Das Weraheim ist ein Mutter-Kind-Haus im Stuttgarter Westen. Dort ist an einer Hauswand, geschützt vor neugierigen Blicken, eine Babyklappe eingelassen. Hier können Mütter ihren neugeborenen Säugling anonym abgeben, indem sie einfach die Stahlklappe öffnen und das Baby in ein Wärmebett legen, so Einrichtungsleiterin Carola Strauß.

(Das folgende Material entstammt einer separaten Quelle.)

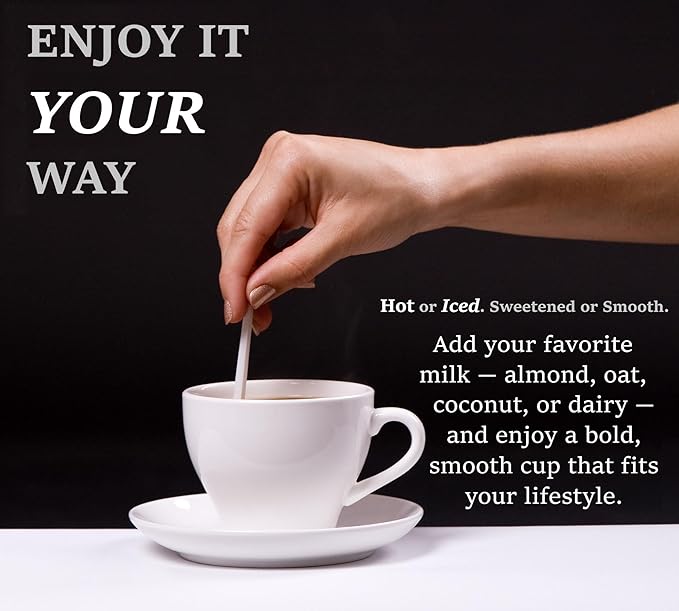 DLNIA Organic Mushroom Coffee with 12 Adaptogenic Mushrooms, Arabica Beans, Coconut Milk & MCT Oil | Cordyceps, Lion’s Mane & Turkey Tail Instant Coffee for Better Energy, Focus, Digestion, Immunity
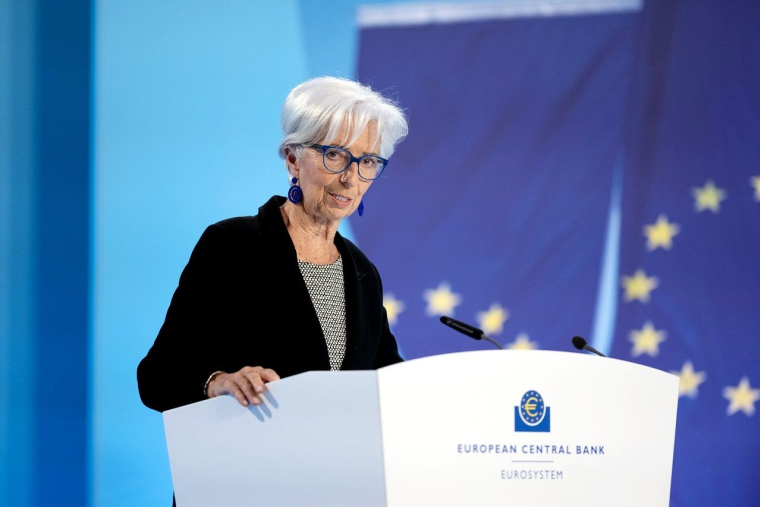 Christine Lagarde, présidente de la BCE lors de la conférence de presse de mai 2023 (Crédits: BCE)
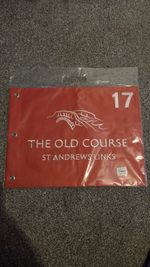 Old Course St Andrews Links Pin Flag Red Scotland Swilcan Bridge #17  17x13 NEW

Das Wärmebett sei sehr wichtig, so Strauß weiter. Denn die Säuglinge könnten sich leicht unterkühlen - selbst bei wärmeren Temperaturen. Wenn ein Baby abgegeben wird, ertönt ein Alarmsignal sobald sich die Babyklappe schließt. Eine Mitarbeiterin kümmert sich dann sofort um das meist nur wenige Stunden alte Baby.
Es ist jedes Mal sehr emotional, wenn man ein kleines Würmchen da sieht. Ich habe auch immer das Bedürfnis das Kind gleich auf den Arm zu nehmen und es willkommen zu heißen, auf dieser Welt.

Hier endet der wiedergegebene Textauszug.